Nanossensor Pioneiro da UFT Gurupi Oferece Detecção Rápida e Barata de Metanol no Etanol
O combate à adulteração de combustíveis, uma prática que causa prejuízos a consumidores e danos aos veículos, pode estar prestes a ganhar um avanço significativo. Pesquisadores da Universidade Federal do Tocantins (UFT), Câmpus de Gurupi, criaram um nanossensor inédito com potencial para simplificar e baratear a detecção de metanol no álcool combustível.
A tecnologia é fruto da pesquisa de mestrado de Fabíola Almeida Bezerra, do Programa de Pós-Graduação em Química (PPGQ), e conta com a orientação do professor Nelson Luis Gonçalves Dias de Souza. O foco da invenção é o metanol, um produto químico cuja adição ao etanol acima do limite legal de 0,5% estabelecido pela Agência Nacional do Petróleo, Gás Natural e Biocombustíveis (ANP) é considerada fraudulenta e extremamente perigosa.

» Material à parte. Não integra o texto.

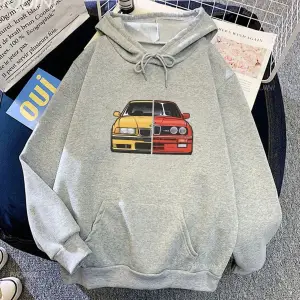Beyaz Unisex Araba Grafik Hoodie Sonbahar Rahat Baskıevş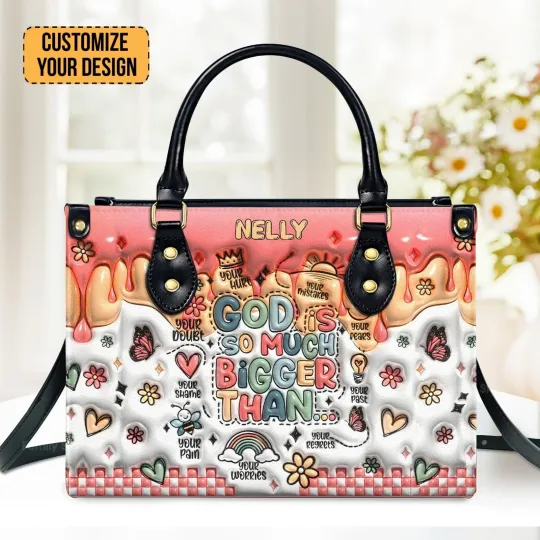 Discover Personalized Christian God Is Bigger Than Leather Handbag, Christian Gifts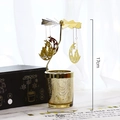 Goldener Karussell-Kerzenhalter mit Mond, Katze, Glasbecher und stilvoller Geschenkbox - Mondkatze Stil (M) / Gold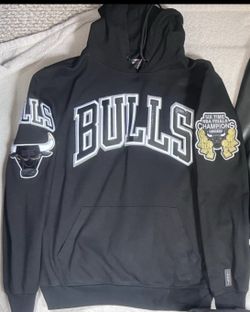 Chicago Bulls Hoodie Large NBA Finals Champions Streetwear Black Pullover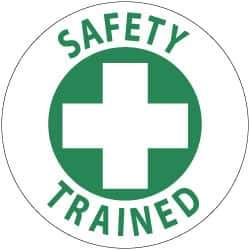 NMC - Safety Trained, Hard Hat Label - Green on White, 2" Thick, For Accident Prevention - Apex Tool & Supply
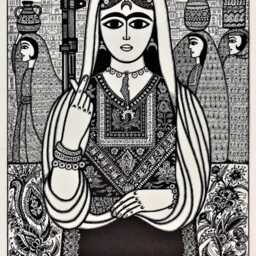 Vintage Palestinian Folk Art Print 1970S Feminist Heritage - thumbnail 3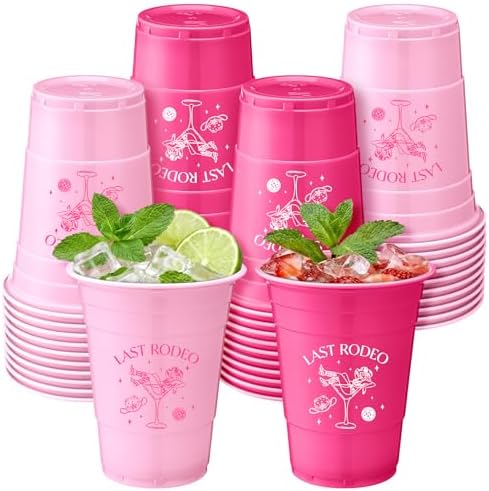 LemonRoad 50 Pcs Pink Bachelorette Party Plastic Cups 16oz by Unknown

O excesso de metanol é altamente corrosivo e pode comprometer peças cruciais dos motores, como bicos injetores e bombas de combustível.
A grande inovação reside na simplicidade do método: basta misturar uma amostra do combustível com a solução do nanossensor. A reação dispensa qualquer preparo prévio da amostra. Em aproximadamente 30 minutos, o resultado é dado pela mudança de cor, sendo que um tom mais amarelado indica uma concentração maior de metanol.
O professor Souza destaca a originalidade da aplicação, que, embora utilize um conceito de nanossensores já conhecido em outras áreas, se mostra pioneira na determinação específica de metanol em álcool combustível. A mestranda Fabíola Bezerra salienta o impacto econômico e prático, ressaltando que o equipamento de cromatografia gasosa, usado no método padrão da ANP, pode custar até oito vezes mais que a nova tecnologia. Além disso, o professor aponta o benefício da visualização imediata, pois a natureza colorimétrica do teste permite uma rápida identificação se o limite tolerado de metanol foi excedido.
Foto: Divulgação
Com os testes já concluídos, os inventores planejam solicitar a patente do nanossensor ao Instituto Nacional da Propriedade Industrial (INPI) após a defesa da dissertação de mestrado, prevista para março de 2026. A expectativa é oferecer uma ferramenta mais acessível e rápida para a fiscalização, fortalecendo a segurança e a qualidade do combustível vendido nos postos.